The celebration was on after Jake Tumblin (far left in batting helmet) smacked a home run Friday afternoon. (Shelli Trumbull photos)
Eight teams came to the 1A Northwest District baseball playoffs, and the only two still standing undefeated heading into Saturday are the pride of Whidbey.
With Coupeville thunking Lynden Christian 5-2 Friday and South Whidbey slipping past Friday Harbor 4-3, the district title game will be an all-Island affair, only played on the road at Kamiak High School.
The Falcons (14-7) and Wolves (12-9) will face off at 12 PM Saturday, and the winner clinches a berth to state.
South Whidbey will be the home team, but Coupeville has an emotional edge, having taken two of three from their arch-rivals to open the season.
Win or lose, both teams advance to tri-districts Saturday, May 17 at Sehome High School.
The district champ will face the winner from district 3 in the tri-district title game, while the runner-up will have two shots to win one game to advance to state.
Surging at the right time — having won eight of its last 11 games — Coupeville stormed past Lynden Christian, the #1 seed in the district tourney, with ease.
The Wolves did it riding the booming bat of senior catcher Jake Tumblin and the fireball-throwing arm of sophomore CJ Smith.
Tumblin, echoing the glory days when he helped lead Central Whidbey to a state little league title as an eighth grader, thumped three hits, including a home run to left, scored twice, stole two bases and knocked in a pair of runs.
“Heck of a game for the young man!” said Coupeville coach Willie Smith.
The Wolves actually got their runs multiple ways, using smart base-running and a couple of Lync mistakes to tack on scores around Tumblin’s solo shot and his later RBI single that plated Wade Schaef.
Korbin Korzan scampered home in the second inning when Lynden Christian’s second baseman ran into the umpire while trying to field a bunt by CJ Smith.
Ben Etzell also took advantage of what the Lyncs offered.

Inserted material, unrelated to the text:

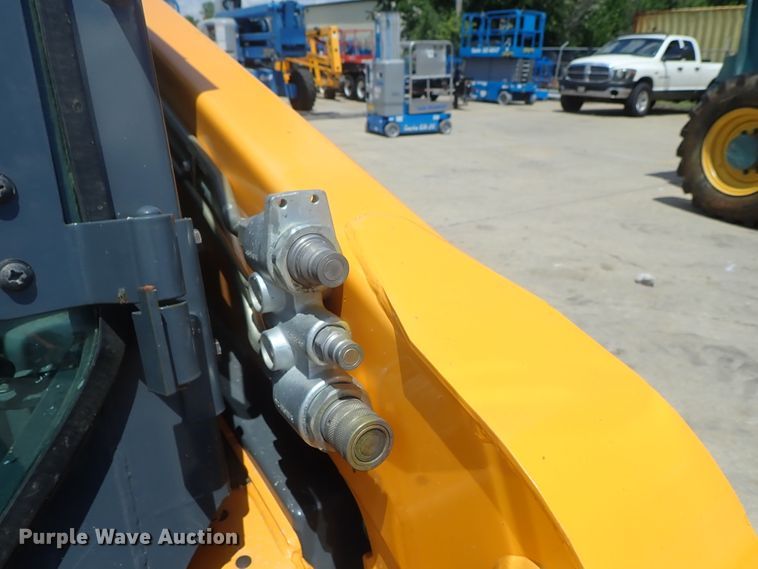 image for item DG2383 2017 Mustang 2200R  skid steer loader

The Wolf senior walked, stole second, took third on a wild pitch, then came across to score on another wild pitch.
Coupeville capped its scoring with an RBI single from Kurtis Smith.
With run support to play with, CJ Smith induced a string of inning-ending ground-balls and stayed one step ahead of the Lync hitters all afternoon. He whiffed three and benefited greatly from opportunistic defensive plays by his teammates.
Kurtis Smith gunned down a runner at third by a solid five feet, while Etzell made a running catch on a pop up in foul territory while on a dead sprint.
“That’s kind of the way it went for CJ,” Willie Smith said. “Pitching in and around trouble all day, but never being touched by it.”
Lynden Christian loaded the bags in the bottom of the seventh, but Etzell, Coupeville’s #1 pitcher, came in to get the final out — in poetic fashion it was a bouncer to CJ Smith, who had moved back to second.